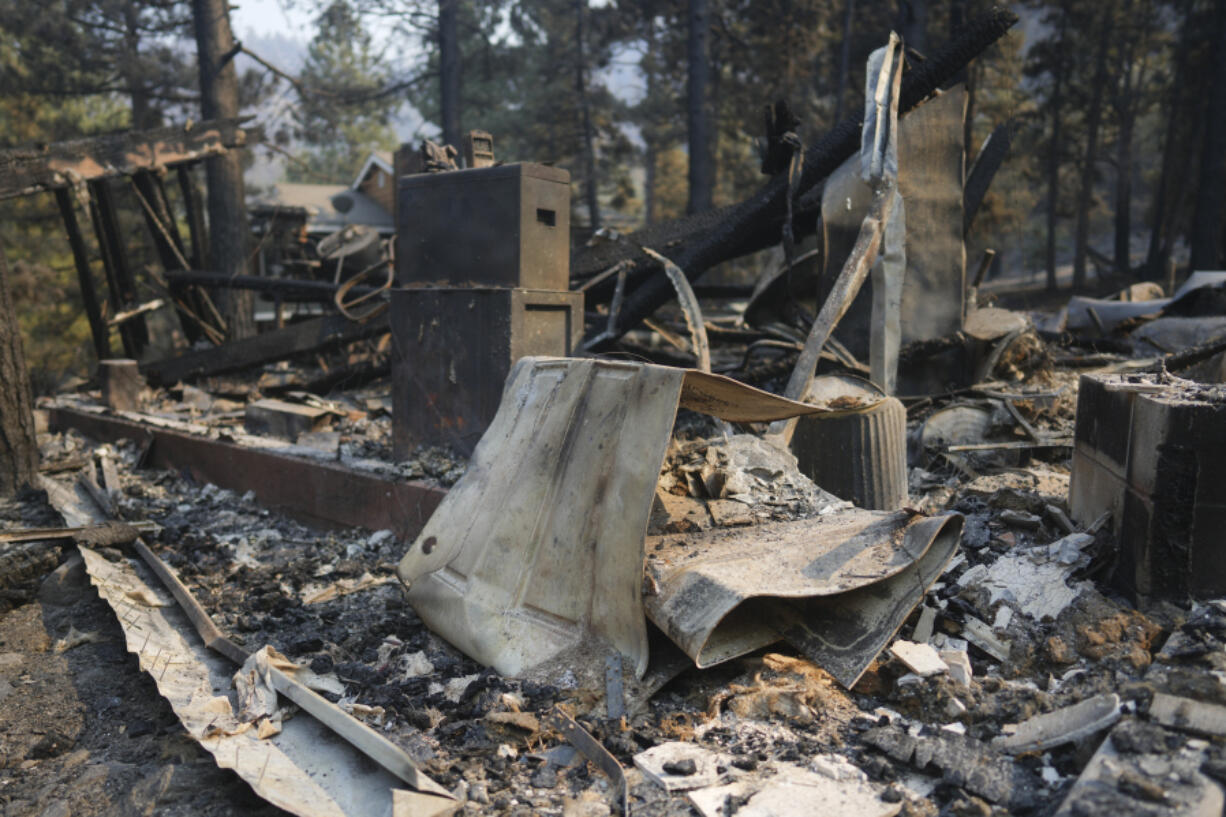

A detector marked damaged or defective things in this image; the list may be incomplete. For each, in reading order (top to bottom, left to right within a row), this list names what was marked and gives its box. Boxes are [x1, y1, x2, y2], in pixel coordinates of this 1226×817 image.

charred wood beam [0, 115, 258, 199]
rusted metal panel [0, 115, 258, 199]
charred wood beam [583, 6, 1015, 350]
charred wood beam [961, 119, 1010, 236]
broken concrete block [98, 355, 142, 409]
charred wood beam [139, 312, 389, 387]
broken concrete block [243, 399, 333, 441]
rusted metal panel [45, 404, 446, 537]
crumpled metal panel [394, 355, 833, 672]
broken concrete block [1069, 370, 1226, 598]
crumpled metal panel [647, 510, 961, 682]
broken concrete block [892, 637, 946, 672]
broken concrete block [990, 691, 1123, 750]
broken concrete block [637, 736, 720, 790]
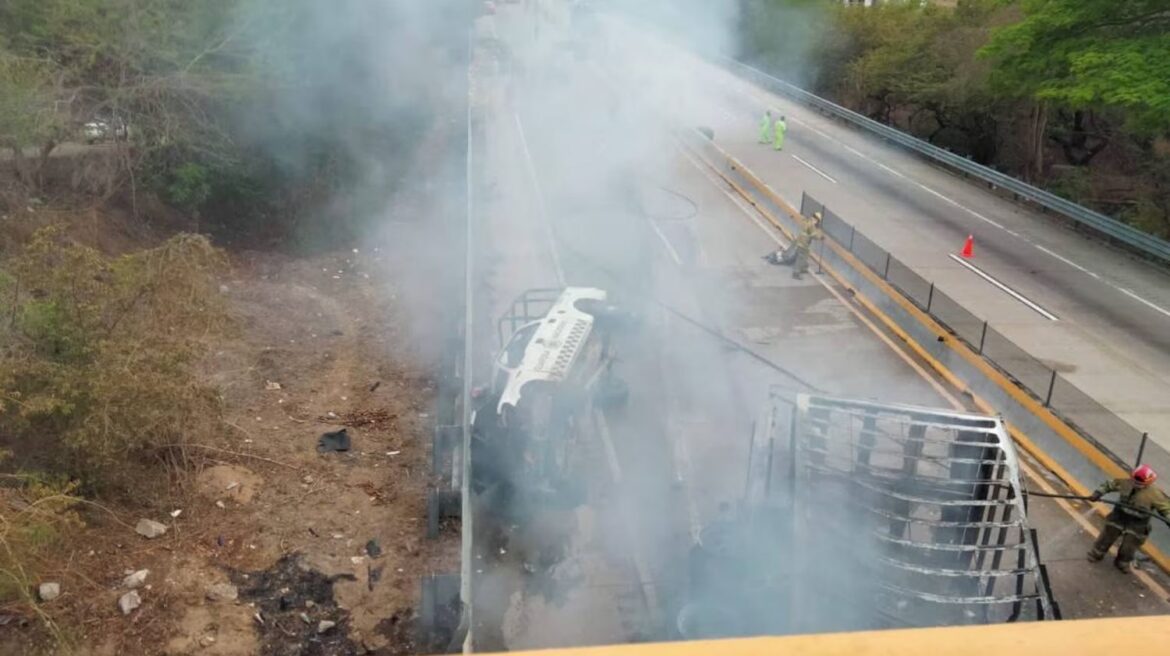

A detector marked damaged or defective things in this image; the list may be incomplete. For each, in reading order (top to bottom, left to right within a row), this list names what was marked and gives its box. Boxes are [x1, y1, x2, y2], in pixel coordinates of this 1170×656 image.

damaged guardrail [716, 57, 1170, 266]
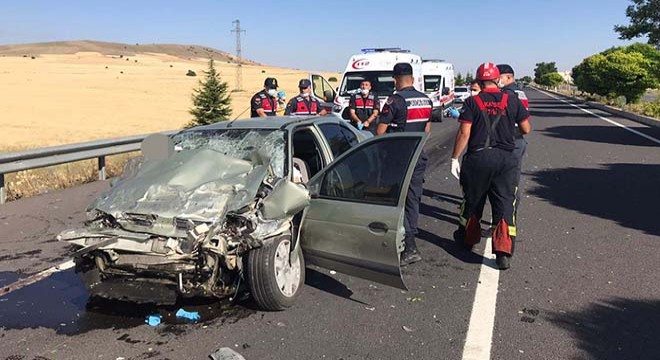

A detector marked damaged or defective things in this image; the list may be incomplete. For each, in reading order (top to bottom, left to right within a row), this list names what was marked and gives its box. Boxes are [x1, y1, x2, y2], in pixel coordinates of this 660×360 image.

crumpled hood [90, 148, 270, 235]
shattered windshield [173, 129, 286, 178]
severely damaged car [58, 116, 428, 310]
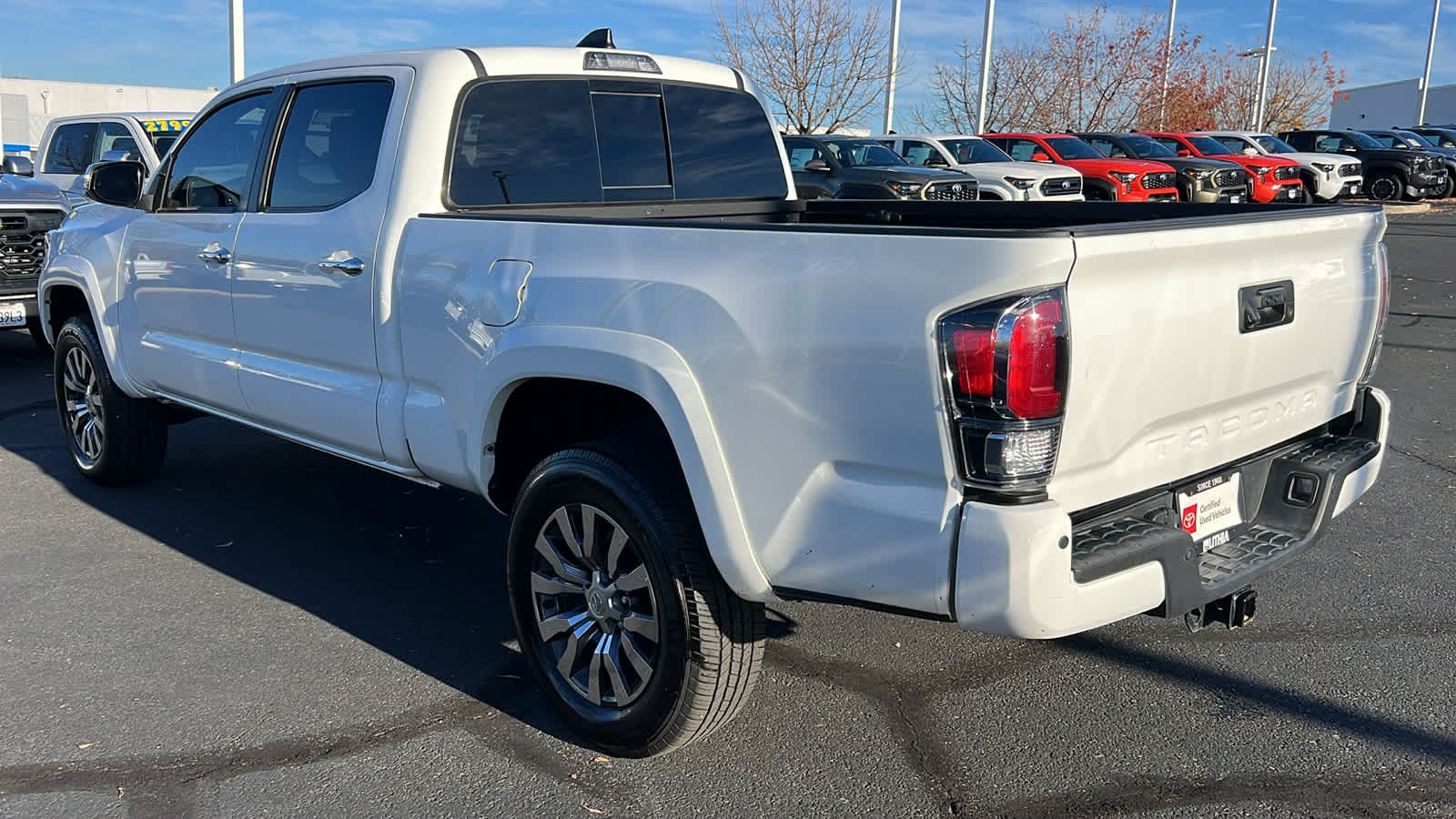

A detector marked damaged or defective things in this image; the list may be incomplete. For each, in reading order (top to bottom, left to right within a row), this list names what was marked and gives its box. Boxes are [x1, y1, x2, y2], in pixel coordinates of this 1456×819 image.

• **TASK DESCRIPTION**: Could you return the listing above exactly, minus its pictures?

• **RESPONSE TO THE TASK**:
A detector marked damaged or defective things in this image; the list may be incomplete. For each, in reading order (top to bottom, left to right within a row), this list names what was marked and gives its box. Boxes are [x1, y1, x2, y2], in pixel coordinates of this 1226×817 image.

charred wood beam [0, 115, 258, 199]
rusted metal panel [0, 115, 258, 199]
charred wood beam [583, 6, 1015, 350]
charred wood beam [961, 119, 1010, 236]
broken concrete block [98, 355, 142, 409]
charred wood beam [139, 312, 389, 387]
broken concrete block [243, 399, 333, 441]
rusted metal panel [45, 404, 446, 537]
crumpled metal panel [394, 355, 833, 672]
broken concrete block [1069, 370, 1226, 598]
crumpled metal panel [647, 510, 961, 682]
broken concrete block [892, 637, 946, 672]
broken concrete block [990, 691, 1123, 750]
broken concrete block [637, 736, 720, 790]

A detector marked damaged or defective things in this image; the list may be incomplete. For each, in reading order (top to bottom, left to right within a row), this list names what was marked and gives its box. Boxes are [x1, y1, x2, y2], in pixel coordinates of this 1170×656 image.

damaged guardrail [716, 57, 1170, 266]

A detector marked damaged or defective things in this image; the list may be incomplete. For each, in reading order (top to bottom, left to right within a row), this list names what was marked and gives its box. Boxes are [x1, y1, x2, y2], in pixel coordinates of this 660×360 image.

crumpled hood [90, 148, 270, 235]
shattered windshield [173, 129, 286, 178]
severely damaged car [58, 116, 428, 310]

A detector marked damaged or defective things in this image; the list may be incomplete. For each, in reading order (top to bottom, left to right within a row), this list names what was marked and gives its box. Boxes are [x1, y1, x2, y2], in pixel coordinates of this 1456×819 image.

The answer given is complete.